■ EXERCISE AIM ■
Lines from the one with "A black remote-controlled" to the end of the material, both included: print them exactly and print nothing else. Omit the pictures.

■ INFORMATION SUPPLIED ■

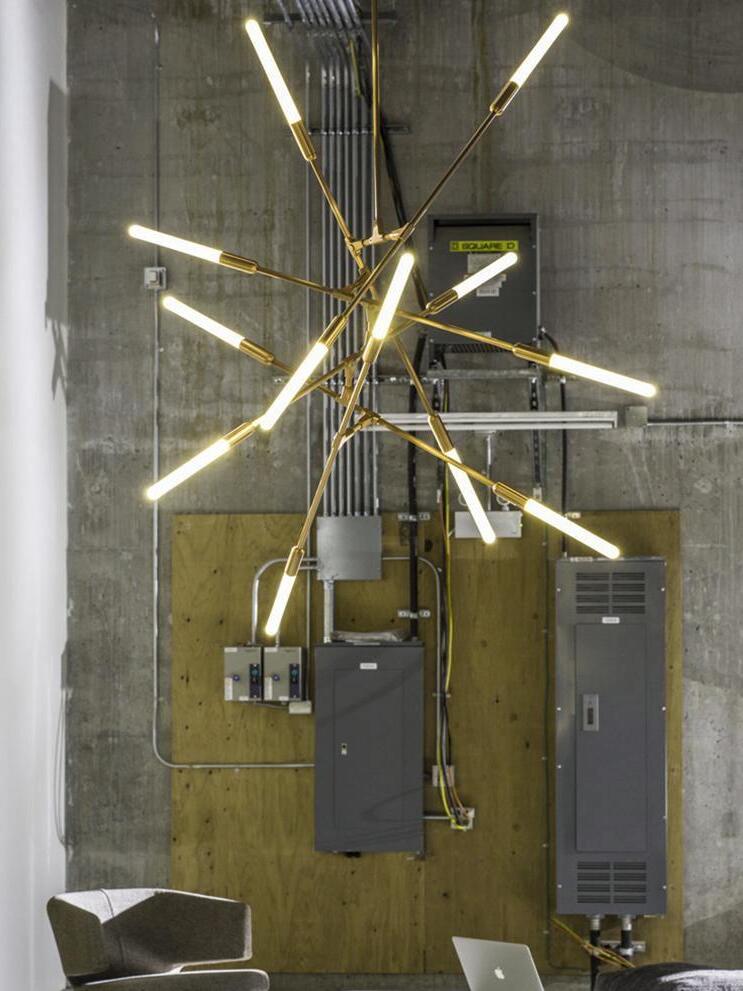 Vertical chandelier against a tall dark wall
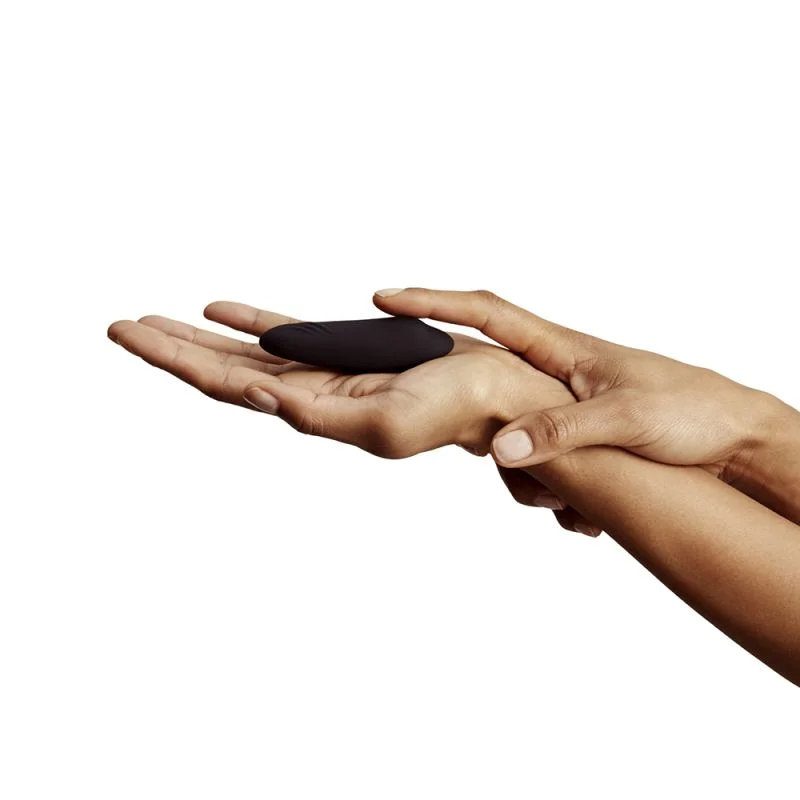 A black remote-controlled panty vibrator held in two hands.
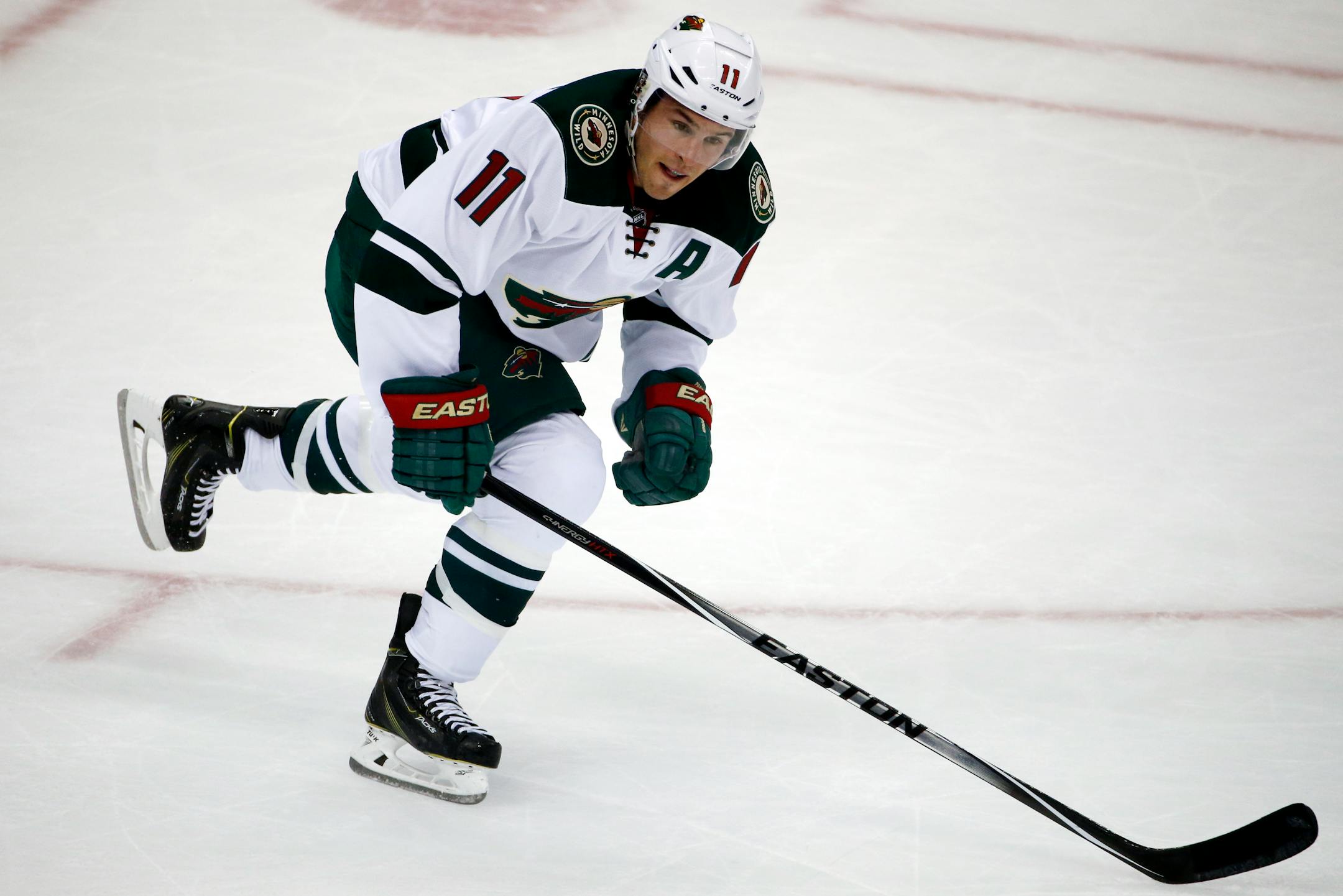 Minnesota Wild's Zach Parise (11) skates in the first period of a NHL pre-season hockey game against the Pittsburgh Penguins in Pittsburgh Thursday, Sept. 25, 2014. (AP Photo/Gene J. Puskar)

■ SOLUTION FOR THIS TASK ■
 A black remote-controlled panty vibrator held in two hands.
 Minnesota Wild's Zach Parise (11) skates in the first period of a NHL pre-season hockey game against the Pittsburgh Penguins in Pittsburgh Thursday, Sept. 25, 2014. (AP Photo/Gene J. Puskar)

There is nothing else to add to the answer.